• [Brief descriptive captions]:
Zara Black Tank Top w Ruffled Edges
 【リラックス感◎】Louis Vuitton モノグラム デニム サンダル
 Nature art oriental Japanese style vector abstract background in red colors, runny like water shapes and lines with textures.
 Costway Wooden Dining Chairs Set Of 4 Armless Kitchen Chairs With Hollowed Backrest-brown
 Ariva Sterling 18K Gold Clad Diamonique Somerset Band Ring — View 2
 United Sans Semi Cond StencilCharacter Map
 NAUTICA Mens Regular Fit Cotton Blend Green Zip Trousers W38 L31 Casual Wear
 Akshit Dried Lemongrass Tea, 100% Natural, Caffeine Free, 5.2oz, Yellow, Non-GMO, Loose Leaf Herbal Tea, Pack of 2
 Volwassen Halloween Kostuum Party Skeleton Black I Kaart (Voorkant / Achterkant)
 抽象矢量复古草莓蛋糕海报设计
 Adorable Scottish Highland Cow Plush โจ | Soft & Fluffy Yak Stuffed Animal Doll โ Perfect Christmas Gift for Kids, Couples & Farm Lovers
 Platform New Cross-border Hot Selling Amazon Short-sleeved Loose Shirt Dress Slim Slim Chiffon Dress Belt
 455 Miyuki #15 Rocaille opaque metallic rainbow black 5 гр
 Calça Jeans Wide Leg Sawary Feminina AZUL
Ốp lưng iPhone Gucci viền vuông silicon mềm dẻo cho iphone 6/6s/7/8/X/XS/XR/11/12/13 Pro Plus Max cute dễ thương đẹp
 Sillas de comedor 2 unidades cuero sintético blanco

• [ASSIGNMENT]: Extract, exactly, the lines above that begin at the line containing "Ariva Sterling 18K" and end at the final line of the records; add no other text.

• [ANSWER TO THE PROBLEM]:
 Ariva Sterling 18K Gold Clad Diamonique Somerset Band Ring — View 2
 United Sans Semi Cond StencilCharacter Map
 NAUTICA Mens Regular Fit Cotton Blend Green Zip Trousers W38 L31 Casual Wear
 Akshit Dried Lemongrass Tea, 100% Natural, Caffeine Free, 5.2oz, Yellow, Non-GMO, Loose Leaf Herbal Tea, Pack of 2
 Volwassen Halloween Kostuum Party Skeleton Black I Kaart (Voorkant / Achterkant)
 抽象矢量复古草莓蛋糕海报设计
 Adorable Scottish Highland Cow Plush โจ | Soft & Fluffy Yak Stuffed Animal Doll โ Perfect Christmas Gift for Kids, Couples & Farm Lovers
 Platform New Cross-border Hot Selling Amazon Short-sleeved Loose Shirt Dress Slim Slim Chiffon Dress Belt
 455 Miyuki #15 Rocaille opaque metallic rainbow black 5 гр
 Calça Jeans Wide Leg Sawary Feminina AZUL
Ốp lưng iPhone Gucci viền vuông silicon mềm dẻo cho iphone 6/6s/7/8/X/XS/XR/11/12/13 Pro Plus Max cute dễ thương đẹp
 Sillas de comedor 2 unidades cuero sintético blanco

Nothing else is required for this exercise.